▶ **Problem statement**
The answer must be only the lines below from the one holding "Melanie Buttercream Curtain" down to the one holding "Ariat Women's Railroad", ends included, printed exactly; please omit all pictures.

▶ **Records for this task**

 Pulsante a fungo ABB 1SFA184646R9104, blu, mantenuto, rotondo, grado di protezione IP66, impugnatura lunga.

---

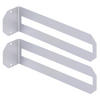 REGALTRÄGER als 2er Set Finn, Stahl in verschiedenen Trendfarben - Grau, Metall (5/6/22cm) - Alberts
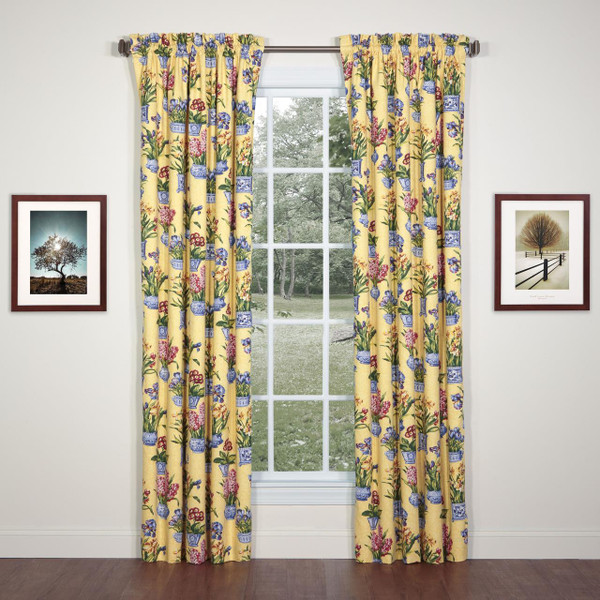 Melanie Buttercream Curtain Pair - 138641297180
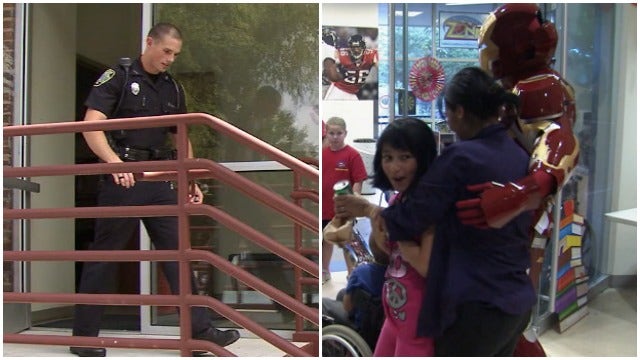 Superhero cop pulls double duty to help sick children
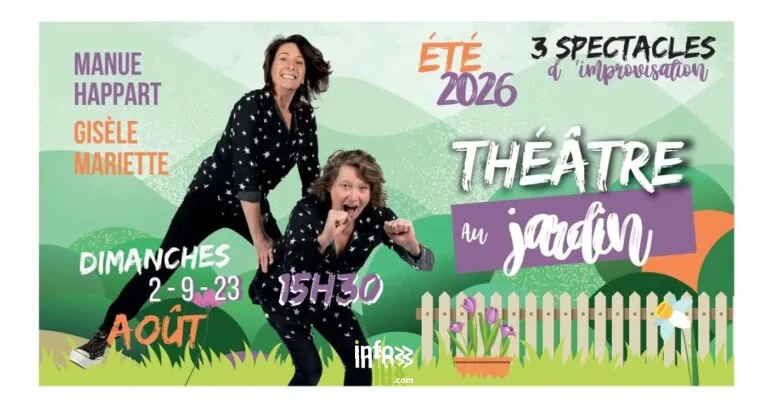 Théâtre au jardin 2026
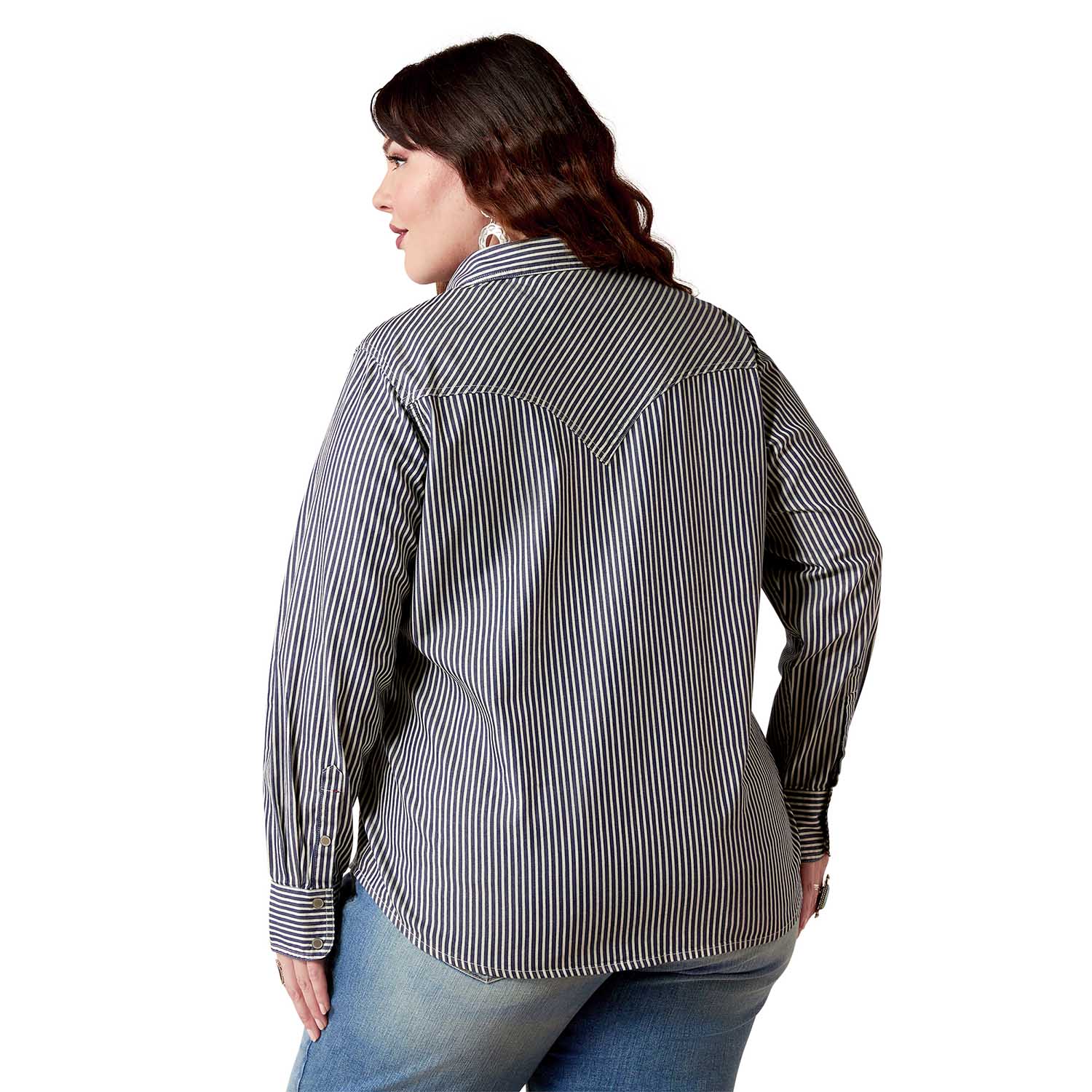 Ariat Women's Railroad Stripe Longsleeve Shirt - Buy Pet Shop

▶ **Written solution**
 Melanie Buttercream Curtain Pair - 138641297180
 Superhero cop pulls double duty to help sick children
 Théâtre au jardin 2026
 Ariat Women's Railroad Stripe Longsleeve Shirt - Buy Pet Shop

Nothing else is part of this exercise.